Recorded data

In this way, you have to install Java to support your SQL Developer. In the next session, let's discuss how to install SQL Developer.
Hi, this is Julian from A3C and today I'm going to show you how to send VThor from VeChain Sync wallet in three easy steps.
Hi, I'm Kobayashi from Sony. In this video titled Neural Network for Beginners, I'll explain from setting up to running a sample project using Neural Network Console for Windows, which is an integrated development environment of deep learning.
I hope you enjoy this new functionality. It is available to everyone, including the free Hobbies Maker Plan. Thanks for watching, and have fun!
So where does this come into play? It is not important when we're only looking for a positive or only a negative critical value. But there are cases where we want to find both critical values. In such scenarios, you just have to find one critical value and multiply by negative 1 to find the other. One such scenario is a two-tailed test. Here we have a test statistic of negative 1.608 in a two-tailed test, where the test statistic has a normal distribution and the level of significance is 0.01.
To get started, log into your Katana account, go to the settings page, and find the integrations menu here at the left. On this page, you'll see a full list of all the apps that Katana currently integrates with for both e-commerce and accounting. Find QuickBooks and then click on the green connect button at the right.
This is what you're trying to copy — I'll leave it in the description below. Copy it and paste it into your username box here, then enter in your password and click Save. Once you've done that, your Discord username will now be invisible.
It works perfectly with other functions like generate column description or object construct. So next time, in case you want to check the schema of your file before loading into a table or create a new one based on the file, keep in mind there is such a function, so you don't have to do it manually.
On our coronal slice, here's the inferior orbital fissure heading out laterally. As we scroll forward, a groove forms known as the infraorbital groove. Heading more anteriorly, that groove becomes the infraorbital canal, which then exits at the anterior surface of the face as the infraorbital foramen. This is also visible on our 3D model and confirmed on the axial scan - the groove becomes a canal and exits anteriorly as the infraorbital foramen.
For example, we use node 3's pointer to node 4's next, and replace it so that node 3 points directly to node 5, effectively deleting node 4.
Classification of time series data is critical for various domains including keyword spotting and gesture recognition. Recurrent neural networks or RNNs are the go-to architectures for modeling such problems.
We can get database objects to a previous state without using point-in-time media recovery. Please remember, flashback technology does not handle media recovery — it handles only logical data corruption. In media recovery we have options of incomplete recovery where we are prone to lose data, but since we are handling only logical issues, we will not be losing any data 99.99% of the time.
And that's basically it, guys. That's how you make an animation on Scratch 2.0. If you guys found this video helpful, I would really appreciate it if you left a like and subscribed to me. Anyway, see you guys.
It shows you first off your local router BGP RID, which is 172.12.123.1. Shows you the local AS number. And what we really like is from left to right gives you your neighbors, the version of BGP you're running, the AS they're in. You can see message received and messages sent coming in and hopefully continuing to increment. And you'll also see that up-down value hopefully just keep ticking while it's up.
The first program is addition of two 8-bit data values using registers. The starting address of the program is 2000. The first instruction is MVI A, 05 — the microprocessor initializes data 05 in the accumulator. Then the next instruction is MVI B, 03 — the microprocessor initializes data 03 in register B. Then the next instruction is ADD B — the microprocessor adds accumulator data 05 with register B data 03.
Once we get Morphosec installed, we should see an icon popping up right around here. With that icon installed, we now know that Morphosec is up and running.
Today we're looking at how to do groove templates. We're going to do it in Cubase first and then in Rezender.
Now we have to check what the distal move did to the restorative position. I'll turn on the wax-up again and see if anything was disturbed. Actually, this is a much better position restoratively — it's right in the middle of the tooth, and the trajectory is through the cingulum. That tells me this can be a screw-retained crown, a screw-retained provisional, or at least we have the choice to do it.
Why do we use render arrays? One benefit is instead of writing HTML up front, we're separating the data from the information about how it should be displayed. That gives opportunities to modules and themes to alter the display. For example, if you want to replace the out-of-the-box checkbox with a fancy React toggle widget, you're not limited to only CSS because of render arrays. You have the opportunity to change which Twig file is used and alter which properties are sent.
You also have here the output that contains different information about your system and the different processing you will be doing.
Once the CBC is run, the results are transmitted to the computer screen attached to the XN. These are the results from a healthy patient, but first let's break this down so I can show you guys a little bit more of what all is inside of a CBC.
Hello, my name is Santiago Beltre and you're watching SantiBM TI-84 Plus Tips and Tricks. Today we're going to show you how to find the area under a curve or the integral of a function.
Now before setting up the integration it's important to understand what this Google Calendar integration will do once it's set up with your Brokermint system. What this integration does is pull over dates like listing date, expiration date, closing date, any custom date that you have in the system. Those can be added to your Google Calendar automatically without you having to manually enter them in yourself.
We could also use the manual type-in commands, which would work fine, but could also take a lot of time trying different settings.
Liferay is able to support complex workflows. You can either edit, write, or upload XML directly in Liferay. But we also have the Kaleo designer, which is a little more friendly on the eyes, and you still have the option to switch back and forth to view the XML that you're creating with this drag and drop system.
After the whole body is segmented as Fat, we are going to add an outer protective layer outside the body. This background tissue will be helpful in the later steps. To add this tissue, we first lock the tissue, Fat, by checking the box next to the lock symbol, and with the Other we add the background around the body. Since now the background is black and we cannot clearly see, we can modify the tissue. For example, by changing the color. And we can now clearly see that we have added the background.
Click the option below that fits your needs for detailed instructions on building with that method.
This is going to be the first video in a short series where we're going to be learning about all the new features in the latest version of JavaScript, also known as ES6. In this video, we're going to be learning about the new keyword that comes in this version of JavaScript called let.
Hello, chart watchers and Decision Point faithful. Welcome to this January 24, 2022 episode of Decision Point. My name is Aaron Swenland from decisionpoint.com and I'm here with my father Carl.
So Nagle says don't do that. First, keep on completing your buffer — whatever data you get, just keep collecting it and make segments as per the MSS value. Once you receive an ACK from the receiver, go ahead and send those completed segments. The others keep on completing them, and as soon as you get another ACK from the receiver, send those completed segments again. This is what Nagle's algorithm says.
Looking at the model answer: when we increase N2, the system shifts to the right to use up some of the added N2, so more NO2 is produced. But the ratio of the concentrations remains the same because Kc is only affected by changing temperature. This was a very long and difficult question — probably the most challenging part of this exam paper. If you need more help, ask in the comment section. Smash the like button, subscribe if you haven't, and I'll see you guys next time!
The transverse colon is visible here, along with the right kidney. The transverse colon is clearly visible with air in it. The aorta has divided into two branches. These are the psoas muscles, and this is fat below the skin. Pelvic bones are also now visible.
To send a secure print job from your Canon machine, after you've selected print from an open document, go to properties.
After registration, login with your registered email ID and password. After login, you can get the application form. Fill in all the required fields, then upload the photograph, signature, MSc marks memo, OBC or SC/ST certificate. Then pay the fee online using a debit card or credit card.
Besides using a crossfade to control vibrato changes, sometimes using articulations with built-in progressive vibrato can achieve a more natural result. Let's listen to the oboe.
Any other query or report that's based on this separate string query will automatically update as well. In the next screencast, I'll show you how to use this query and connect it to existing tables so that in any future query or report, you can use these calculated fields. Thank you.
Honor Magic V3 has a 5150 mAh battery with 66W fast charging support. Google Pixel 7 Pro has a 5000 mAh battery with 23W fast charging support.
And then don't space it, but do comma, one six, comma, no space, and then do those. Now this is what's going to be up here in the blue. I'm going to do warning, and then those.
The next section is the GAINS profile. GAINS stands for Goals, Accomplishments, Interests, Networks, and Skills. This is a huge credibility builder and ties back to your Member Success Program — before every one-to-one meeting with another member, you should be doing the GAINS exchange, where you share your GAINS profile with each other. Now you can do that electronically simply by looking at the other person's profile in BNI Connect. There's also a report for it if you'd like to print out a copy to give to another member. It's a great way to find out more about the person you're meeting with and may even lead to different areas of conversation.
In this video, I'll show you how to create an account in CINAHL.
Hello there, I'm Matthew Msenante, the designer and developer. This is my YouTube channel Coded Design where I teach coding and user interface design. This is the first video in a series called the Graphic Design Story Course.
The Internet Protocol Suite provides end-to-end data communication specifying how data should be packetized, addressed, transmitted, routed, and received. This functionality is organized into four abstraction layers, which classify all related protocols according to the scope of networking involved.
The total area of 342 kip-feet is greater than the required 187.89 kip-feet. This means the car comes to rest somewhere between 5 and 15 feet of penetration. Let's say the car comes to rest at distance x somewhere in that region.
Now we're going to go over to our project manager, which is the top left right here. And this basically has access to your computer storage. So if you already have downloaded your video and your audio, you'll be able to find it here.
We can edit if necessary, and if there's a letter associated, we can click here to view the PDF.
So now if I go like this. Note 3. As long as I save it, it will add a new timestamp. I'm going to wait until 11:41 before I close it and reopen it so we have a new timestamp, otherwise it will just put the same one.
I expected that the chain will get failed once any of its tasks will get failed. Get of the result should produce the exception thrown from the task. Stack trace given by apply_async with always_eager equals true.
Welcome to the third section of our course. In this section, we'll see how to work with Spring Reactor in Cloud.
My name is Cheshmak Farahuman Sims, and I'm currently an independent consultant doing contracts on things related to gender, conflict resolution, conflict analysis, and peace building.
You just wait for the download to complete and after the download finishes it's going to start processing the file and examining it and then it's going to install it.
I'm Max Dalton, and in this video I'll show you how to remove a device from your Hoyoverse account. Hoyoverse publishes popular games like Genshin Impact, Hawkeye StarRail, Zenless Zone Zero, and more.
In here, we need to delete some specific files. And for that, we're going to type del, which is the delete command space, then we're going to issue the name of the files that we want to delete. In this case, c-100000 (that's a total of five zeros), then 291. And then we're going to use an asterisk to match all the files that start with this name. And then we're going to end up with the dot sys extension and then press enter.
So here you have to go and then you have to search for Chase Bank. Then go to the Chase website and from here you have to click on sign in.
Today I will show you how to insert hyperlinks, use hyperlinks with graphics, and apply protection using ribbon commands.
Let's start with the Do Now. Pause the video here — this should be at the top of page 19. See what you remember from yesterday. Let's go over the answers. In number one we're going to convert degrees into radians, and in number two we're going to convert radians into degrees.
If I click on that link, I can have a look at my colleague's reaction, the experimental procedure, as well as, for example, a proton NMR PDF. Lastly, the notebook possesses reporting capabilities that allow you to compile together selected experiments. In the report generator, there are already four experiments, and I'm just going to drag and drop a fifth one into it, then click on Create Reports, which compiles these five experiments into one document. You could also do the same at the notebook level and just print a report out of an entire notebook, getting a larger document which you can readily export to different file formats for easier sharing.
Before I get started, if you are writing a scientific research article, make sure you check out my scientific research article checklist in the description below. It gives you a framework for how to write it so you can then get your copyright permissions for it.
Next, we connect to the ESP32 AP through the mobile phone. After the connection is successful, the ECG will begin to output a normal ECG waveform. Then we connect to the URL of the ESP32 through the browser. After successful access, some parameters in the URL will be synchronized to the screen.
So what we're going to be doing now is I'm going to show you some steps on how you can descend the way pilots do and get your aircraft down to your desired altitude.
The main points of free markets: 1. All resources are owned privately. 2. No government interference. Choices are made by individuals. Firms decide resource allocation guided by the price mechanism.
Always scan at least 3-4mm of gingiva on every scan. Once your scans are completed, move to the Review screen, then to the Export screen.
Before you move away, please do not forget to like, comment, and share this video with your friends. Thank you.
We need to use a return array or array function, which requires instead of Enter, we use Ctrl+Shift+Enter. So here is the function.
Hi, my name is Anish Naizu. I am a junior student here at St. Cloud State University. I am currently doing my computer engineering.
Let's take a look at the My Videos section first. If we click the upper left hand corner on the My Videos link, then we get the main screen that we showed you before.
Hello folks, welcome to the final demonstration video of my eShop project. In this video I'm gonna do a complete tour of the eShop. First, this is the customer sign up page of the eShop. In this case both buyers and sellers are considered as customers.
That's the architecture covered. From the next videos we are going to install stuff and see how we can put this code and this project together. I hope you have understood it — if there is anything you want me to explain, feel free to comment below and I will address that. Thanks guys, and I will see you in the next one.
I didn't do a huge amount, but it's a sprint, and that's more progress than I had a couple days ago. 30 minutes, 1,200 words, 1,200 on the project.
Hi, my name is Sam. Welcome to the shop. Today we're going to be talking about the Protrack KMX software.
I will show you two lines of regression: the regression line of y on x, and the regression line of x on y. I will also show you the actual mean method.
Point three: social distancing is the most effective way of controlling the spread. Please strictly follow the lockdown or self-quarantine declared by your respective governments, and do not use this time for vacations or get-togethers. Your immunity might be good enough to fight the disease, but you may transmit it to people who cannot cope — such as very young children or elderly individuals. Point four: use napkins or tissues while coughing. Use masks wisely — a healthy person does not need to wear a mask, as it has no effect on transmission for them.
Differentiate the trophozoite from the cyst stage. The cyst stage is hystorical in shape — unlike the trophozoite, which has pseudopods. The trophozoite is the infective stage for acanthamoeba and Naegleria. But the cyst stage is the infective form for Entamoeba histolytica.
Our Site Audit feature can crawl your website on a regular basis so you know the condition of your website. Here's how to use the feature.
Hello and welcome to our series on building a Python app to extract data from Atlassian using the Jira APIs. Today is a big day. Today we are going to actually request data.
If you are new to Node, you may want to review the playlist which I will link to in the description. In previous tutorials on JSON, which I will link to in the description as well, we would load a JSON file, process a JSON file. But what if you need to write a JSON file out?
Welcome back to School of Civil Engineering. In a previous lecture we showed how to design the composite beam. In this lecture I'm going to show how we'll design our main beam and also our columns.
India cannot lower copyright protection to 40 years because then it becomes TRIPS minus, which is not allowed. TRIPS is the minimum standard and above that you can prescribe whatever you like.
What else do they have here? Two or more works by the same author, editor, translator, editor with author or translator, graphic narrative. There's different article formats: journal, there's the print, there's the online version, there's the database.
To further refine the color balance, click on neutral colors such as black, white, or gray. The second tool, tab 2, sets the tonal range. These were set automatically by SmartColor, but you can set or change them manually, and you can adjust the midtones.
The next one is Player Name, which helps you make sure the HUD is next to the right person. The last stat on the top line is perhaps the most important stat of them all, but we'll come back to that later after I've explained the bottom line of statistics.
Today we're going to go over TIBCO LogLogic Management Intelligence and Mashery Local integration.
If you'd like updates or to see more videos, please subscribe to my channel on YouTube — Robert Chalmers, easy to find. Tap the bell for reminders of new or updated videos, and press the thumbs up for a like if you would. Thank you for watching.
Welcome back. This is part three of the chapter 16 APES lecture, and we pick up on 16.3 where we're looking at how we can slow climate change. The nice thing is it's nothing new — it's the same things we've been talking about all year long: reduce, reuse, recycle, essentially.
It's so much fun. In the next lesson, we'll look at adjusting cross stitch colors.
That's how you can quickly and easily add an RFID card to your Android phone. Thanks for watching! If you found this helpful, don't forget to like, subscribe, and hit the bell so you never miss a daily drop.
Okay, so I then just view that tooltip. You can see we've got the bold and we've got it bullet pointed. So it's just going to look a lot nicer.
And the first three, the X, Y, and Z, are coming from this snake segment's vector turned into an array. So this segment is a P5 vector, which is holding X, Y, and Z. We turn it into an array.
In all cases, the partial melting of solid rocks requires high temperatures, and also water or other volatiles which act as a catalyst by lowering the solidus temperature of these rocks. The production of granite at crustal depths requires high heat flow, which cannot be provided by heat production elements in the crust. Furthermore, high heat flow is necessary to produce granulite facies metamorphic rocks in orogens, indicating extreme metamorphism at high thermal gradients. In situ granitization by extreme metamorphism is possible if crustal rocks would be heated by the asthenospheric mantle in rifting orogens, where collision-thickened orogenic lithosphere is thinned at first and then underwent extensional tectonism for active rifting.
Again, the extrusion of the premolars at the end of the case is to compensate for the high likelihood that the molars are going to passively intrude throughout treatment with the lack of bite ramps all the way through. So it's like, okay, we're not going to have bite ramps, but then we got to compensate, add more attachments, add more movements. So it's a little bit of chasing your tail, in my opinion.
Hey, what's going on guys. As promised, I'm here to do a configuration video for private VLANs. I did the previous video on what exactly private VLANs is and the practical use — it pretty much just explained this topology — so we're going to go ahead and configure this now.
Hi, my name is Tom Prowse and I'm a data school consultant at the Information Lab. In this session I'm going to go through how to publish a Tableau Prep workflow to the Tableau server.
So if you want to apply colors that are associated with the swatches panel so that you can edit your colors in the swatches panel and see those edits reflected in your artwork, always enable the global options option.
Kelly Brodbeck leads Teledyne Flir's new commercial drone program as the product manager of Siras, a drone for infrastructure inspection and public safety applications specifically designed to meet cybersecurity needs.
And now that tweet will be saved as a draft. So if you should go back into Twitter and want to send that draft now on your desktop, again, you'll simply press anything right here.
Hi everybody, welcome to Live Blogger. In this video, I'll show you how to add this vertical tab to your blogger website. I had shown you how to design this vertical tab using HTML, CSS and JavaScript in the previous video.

WHAT IS NEEDED. Count of lines with "properties": please work it out for the entries above and give the number by itself.

OUTPUT FOR THIS EXERCISE. 2